▶ [EXERCISE GOAL] Can you quote, word for word, every line from the first line of the records below through the line containing "78224 — photo 4", and nothing else?

RECORDS TO PROCESS Block Start

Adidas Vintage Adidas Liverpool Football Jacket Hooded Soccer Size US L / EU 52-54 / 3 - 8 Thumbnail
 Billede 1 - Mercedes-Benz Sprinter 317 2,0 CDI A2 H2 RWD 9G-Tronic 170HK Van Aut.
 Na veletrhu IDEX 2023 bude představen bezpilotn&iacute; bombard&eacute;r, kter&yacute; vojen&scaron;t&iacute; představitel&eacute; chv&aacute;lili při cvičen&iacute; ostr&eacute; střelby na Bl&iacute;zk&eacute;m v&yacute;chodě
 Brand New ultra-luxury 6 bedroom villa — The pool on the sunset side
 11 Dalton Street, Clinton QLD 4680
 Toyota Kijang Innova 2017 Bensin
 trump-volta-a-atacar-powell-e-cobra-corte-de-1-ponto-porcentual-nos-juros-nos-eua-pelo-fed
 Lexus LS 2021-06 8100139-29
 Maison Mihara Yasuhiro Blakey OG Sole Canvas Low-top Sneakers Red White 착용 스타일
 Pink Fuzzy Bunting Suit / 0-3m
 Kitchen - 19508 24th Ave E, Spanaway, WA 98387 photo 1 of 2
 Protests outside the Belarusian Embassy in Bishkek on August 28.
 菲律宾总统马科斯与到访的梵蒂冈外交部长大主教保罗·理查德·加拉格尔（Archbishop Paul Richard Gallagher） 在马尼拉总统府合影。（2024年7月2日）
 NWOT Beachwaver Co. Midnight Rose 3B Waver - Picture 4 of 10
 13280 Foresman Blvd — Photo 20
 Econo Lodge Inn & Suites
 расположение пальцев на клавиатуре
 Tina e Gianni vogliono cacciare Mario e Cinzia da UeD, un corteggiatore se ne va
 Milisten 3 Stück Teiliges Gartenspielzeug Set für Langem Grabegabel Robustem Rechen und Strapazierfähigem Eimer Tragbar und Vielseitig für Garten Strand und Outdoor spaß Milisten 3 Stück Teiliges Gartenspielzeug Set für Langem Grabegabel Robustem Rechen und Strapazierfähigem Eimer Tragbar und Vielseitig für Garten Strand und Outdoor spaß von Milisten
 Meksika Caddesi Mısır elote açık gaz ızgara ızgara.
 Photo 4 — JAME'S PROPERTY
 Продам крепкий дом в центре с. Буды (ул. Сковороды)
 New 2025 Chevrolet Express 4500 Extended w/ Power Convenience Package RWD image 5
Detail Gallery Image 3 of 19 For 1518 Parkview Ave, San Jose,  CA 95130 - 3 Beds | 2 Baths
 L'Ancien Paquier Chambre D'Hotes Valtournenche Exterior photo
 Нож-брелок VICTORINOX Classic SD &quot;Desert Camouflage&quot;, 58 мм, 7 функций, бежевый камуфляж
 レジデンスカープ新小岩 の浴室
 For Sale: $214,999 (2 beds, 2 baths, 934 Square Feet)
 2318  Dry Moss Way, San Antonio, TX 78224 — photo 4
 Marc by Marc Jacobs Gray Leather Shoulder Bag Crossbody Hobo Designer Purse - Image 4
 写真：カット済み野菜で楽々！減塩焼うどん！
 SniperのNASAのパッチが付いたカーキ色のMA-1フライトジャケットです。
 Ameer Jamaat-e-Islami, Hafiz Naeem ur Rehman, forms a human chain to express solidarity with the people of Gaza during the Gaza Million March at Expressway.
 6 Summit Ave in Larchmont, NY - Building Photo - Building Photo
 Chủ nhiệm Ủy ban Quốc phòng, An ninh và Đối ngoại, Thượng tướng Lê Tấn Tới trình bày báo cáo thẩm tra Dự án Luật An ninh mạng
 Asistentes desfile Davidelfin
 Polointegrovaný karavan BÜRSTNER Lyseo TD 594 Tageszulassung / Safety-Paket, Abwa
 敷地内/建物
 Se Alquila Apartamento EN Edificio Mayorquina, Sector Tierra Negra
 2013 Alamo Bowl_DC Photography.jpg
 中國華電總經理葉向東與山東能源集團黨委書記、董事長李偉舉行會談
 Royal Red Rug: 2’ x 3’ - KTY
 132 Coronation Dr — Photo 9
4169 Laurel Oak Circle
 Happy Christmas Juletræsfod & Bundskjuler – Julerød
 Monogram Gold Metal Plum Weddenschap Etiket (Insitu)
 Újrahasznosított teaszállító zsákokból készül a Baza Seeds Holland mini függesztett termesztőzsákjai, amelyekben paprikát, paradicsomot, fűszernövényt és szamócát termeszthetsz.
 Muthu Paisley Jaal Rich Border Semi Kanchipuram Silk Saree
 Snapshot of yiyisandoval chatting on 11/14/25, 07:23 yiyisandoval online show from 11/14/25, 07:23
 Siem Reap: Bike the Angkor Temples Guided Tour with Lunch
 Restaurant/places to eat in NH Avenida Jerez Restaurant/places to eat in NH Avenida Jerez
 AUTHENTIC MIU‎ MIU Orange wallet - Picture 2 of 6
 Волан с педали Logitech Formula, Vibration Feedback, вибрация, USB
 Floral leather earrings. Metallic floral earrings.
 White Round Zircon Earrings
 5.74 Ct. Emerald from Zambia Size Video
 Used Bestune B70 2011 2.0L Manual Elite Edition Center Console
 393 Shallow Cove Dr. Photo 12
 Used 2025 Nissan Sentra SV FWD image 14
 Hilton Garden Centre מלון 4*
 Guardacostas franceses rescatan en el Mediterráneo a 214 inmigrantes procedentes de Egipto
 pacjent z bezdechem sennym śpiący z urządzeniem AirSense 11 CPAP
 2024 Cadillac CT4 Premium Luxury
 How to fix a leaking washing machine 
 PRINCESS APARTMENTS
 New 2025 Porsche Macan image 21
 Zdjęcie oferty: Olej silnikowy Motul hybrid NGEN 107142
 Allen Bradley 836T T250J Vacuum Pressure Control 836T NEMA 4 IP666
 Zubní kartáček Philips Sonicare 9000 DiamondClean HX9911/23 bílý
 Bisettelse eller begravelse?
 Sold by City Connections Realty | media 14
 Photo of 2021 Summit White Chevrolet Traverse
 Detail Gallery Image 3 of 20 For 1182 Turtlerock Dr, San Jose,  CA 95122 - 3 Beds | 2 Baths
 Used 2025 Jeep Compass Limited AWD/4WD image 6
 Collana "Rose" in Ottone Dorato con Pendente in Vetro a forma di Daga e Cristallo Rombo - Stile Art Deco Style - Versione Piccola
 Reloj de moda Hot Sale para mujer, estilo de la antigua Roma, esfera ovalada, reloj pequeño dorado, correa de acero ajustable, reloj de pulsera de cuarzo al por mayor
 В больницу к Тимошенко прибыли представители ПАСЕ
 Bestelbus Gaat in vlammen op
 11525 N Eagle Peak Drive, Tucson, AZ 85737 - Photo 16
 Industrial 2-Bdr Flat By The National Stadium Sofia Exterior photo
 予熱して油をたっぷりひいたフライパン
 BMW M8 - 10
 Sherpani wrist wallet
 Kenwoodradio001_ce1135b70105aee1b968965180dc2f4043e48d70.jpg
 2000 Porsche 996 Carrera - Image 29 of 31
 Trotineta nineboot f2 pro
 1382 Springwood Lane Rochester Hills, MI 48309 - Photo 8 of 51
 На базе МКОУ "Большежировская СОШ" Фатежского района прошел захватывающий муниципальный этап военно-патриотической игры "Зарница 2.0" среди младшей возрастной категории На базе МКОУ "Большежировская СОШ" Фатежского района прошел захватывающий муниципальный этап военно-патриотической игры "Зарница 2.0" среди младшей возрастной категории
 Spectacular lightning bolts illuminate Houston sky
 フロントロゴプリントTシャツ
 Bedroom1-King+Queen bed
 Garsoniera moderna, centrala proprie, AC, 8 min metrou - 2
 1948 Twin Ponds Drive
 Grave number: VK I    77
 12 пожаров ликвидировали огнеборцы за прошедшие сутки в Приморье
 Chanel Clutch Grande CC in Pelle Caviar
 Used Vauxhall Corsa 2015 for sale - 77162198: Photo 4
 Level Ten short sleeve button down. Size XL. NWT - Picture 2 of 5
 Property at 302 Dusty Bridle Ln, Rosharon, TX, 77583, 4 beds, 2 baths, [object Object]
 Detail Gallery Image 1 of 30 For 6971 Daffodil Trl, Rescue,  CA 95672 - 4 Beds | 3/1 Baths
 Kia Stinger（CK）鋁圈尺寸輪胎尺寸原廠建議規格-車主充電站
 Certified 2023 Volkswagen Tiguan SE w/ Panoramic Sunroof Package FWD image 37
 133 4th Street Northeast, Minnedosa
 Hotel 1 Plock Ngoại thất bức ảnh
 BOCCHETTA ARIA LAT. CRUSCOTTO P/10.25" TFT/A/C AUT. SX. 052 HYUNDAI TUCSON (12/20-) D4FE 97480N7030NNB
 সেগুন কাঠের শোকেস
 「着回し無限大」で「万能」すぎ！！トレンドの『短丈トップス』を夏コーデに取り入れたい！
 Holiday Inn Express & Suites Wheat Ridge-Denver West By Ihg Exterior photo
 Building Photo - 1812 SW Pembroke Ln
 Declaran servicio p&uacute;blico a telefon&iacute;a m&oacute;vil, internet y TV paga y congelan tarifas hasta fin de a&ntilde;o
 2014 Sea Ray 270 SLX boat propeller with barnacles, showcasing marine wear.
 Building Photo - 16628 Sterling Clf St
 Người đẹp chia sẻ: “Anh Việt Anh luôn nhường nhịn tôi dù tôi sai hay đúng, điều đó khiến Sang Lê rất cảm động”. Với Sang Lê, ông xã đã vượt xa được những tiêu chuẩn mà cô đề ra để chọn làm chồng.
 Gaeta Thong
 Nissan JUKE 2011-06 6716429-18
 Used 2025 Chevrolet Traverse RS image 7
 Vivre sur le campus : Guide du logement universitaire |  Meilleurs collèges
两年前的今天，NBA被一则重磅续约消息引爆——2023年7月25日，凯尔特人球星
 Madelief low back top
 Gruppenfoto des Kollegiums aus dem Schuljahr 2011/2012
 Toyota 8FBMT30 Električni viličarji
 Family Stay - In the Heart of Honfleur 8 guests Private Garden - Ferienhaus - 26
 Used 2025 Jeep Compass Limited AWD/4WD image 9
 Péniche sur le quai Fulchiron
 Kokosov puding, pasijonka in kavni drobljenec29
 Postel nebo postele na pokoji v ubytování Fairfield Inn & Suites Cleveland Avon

RECORDS TO PROCESS Block End

▶ [OUTPUT]
Adidas Vintage Adidas Liverpool Football Jacket Hooded Soccer Size US L / EU 52-54 / 3 - 8 Thumbnail
 Billede 1 - Mercedes-Benz Sprinter 317 2,0 CDI A2 H2 RWD 9G-Tronic 170HK Van Aut.
 Na veletrhu IDEX 2023 bude představen bezpilotn&iacute; bombard&eacute;r, kter&yacute; vojen&scaron;t&iacute; představitel&eacute; chv&aacute;lili při cvičen&iacute; ostr&eacute; střelby na Bl&iacute;zk&eacute;m v&yacute;chodě
 Brand New ultra-luxury 6 bedroom villa — The pool on the sunset side
 11 Dalton Street, Clinton QLD 4680
 Toyota Kijang Innova 2017 Bensin
 trump-volta-a-atacar-powell-e-cobra-corte-de-1-ponto-porcentual-nos-juros-nos-eua-pelo-fed
 Lexus LS 2021-06 8100139-29
 Maison Mihara Yasuhiro Blakey OG Sole Canvas Low-top Sneakers Red White 착용 스타일
 Pink Fuzzy Bunting Suit / 0-3m
 Kitchen - 19508 24th Ave E, Spanaway, WA 98387 photo 1 of 2
 Protests outside the Belarusian Embassy in Bishkek on August 28.
 菲律宾总统马科斯与到访的梵蒂冈外交部长大主教保罗·理查德·加拉格尔（Archbishop Paul Richard Gallagher） 在马尼拉总统府合影。（2024年7月2日）
 NWOT Beachwaver Co. Midnight Rose 3B Waver - Picture 4 of 10
 13280 Foresman Blvd — Photo 20
 Econo Lodge Inn & Suites
 расположение пальцев на клавиатуре
 Tina e Gianni vogliono cacciare Mario e Cinzia da UeD, un corteggiatore se ne va
 Milisten 3 Stück Teiliges Gartenspielzeug Set für Langem Grabegabel Robustem Rechen und Strapazierfähigem Eimer Tragbar und Vielseitig für Garten Strand und Outdoor spaß Milisten 3 Stück Teiliges Gartenspielzeug Set für Langem Grabegabel Robustem Rechen und Strapazierfähigem Eimer Tragbar und Vielseitig für Garten Strand und Outdoor spaß von Milisten
 Meksika Caddesi Mısır elote açık gaz ızgara ızgara.
 Photo 4 — JAME'S PROPERTY
 Продам крепкий дом в центре с. Буды (ул. Сковороды)
 New 2025 Chevrolet Express 4500 Extended w/ Power Convenience Package RWD image 5
Detail Gallery Image 3 of 19 For 1518 Parkview Ave, San Jose,  CA 95130 - 3 Beds | 2 Baths
 L'Ancien Paquier Chambre D'Hotes Valtournenche Exterior photo
 Нож-брелок VICTORINOX Classic SD &quot;Desert Camouflage&quot;, 58 мм, 7 функций, бежевый камуфляж
 レジデンスカープ新小岩 の浴室
 For Sale: $214,999 (2 beds, 2 baths, 934 Square Feet)
 2318  Dry Moss Way, San Antonio, TX 78224 — photo 4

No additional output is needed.